Winner of the 2016 NAGC Curriculum Studies Award
In I, Me, You, We: Individuality Versus Conformity, students explore essential questions such as "How does our environment shape our identity? What are the consequences of conforming to a group? When does social conformity go too far?" This unit, developed by Vanderbilt University's Programs for Talented Youth and aligned to the Common Core State Standards (CCSS), includes a major emphasis on rigorous evidence-based discourse through the study of common themes across rich, challenging nonfiction and fictional texts.
The unit guides students to examine the fine line of individuality versus conformity through the related concepts of belongingness, community, civil disobedience, questioning the status quo, and self-reliance by engaging in creative activities, Socratic seminars, literary analyses, and debates.
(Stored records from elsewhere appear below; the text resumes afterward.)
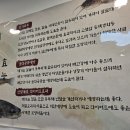 용마루매운탕 - 울주군 웃방천1길 49-8 | 용마루매운탕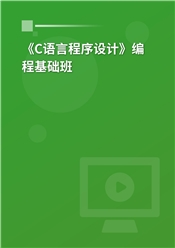 2025年全国计算机等级考试《二级C语言程序设计》编程基础班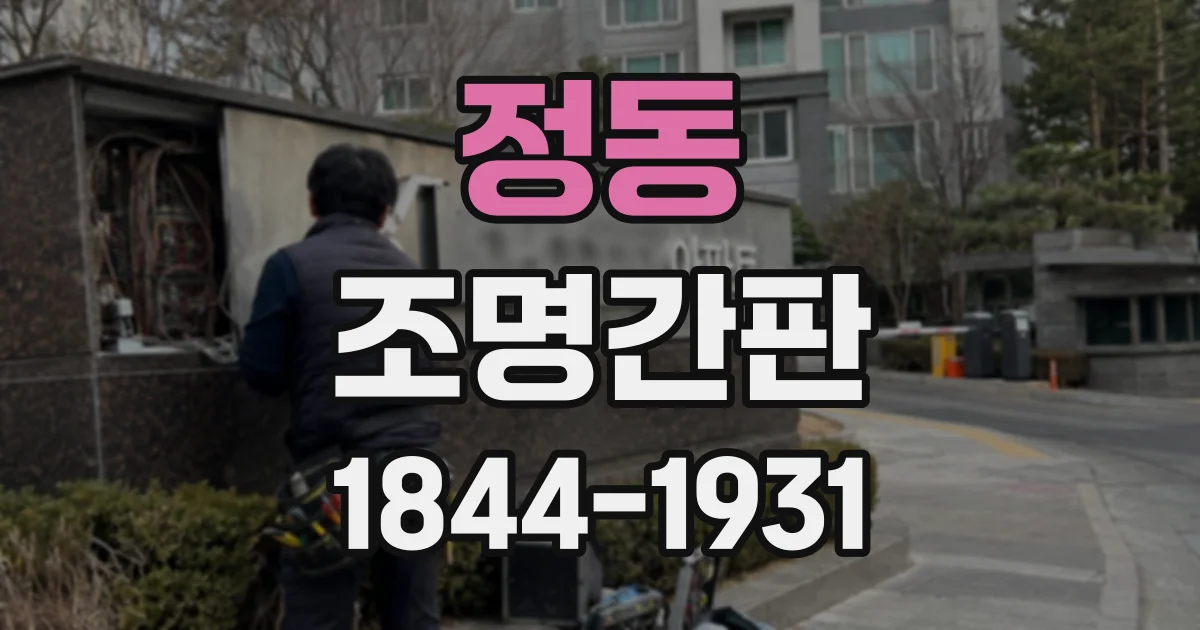 정동 조명간판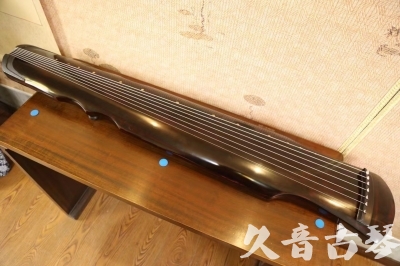 大庆市●久音古琴  ●今日推荐20240909  [顶级演奏伏羲]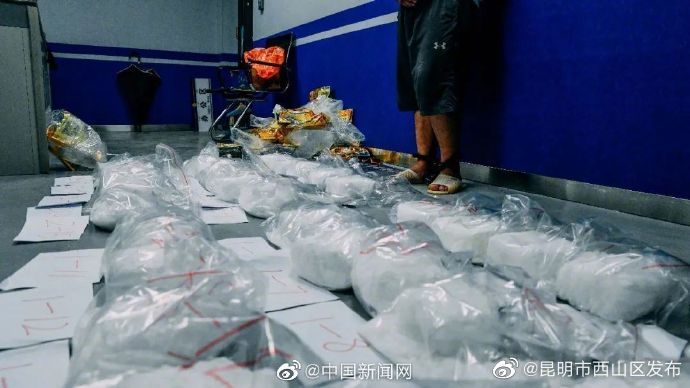 全国移民管理机构上半年边境缉毒4.26吨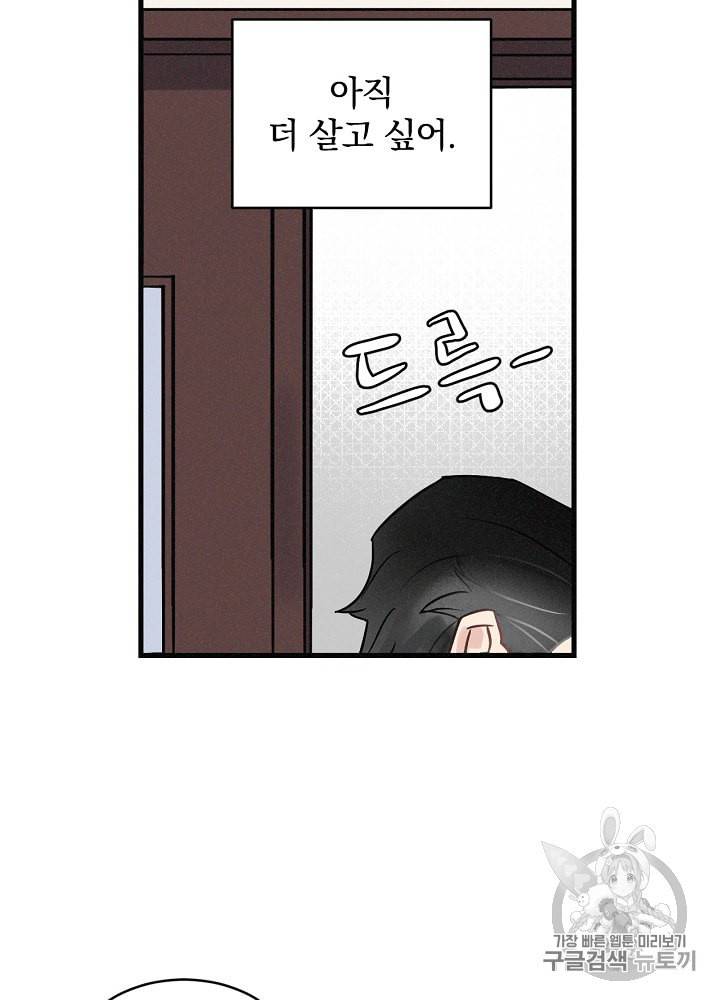 밥만 먹고 레벨업 3화 8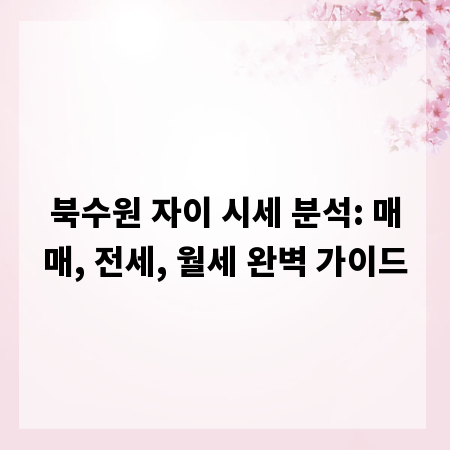 북수원 자이 시세 분석: 매매, 전세, 월세 완벽 가이드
Lessons include close-readings with text-dependent questions, choice-based differentiated products, rubrics, formative assessments, and ELA tasks that require students to analyze texts for rhetorical features, literary elements, and themes through argument, explanatory, and prose-constructed writing.
Ideal for pre-AP and honors courses, the unit features short stories from Kurt Vonnegut and Ray Bradbury, poetry from Emily Dickinson and Maya Angelou, art by M. C. Escher and Pablo Picasso, and primary source documents from Plato, Eleanor D. Roosevelt, William Bradford, Ralph Waldo Emerson, and Henry David Thoreau.
Grades 6-8
About the Author: Emily Mofield, Ed.D., is a consulting teacher for gifted education in Sumner County, TN. She is a Nationally Board Certified Teacher in language arts and has taught gifted language arts classes for 10 years.
Tamra Stambaugh, Ph.D., is the Director of Programs for Talented Youth at Vanderbilt University. She is the coauthor (with Dr. Joyce VanTassel-Baska) of Comprehensive Curriculum for Gifted Learners, Overlooked Gems: A National Perspective on Low-Income Promising Students, and the Jacob's Ladder Reading Comprehension Program.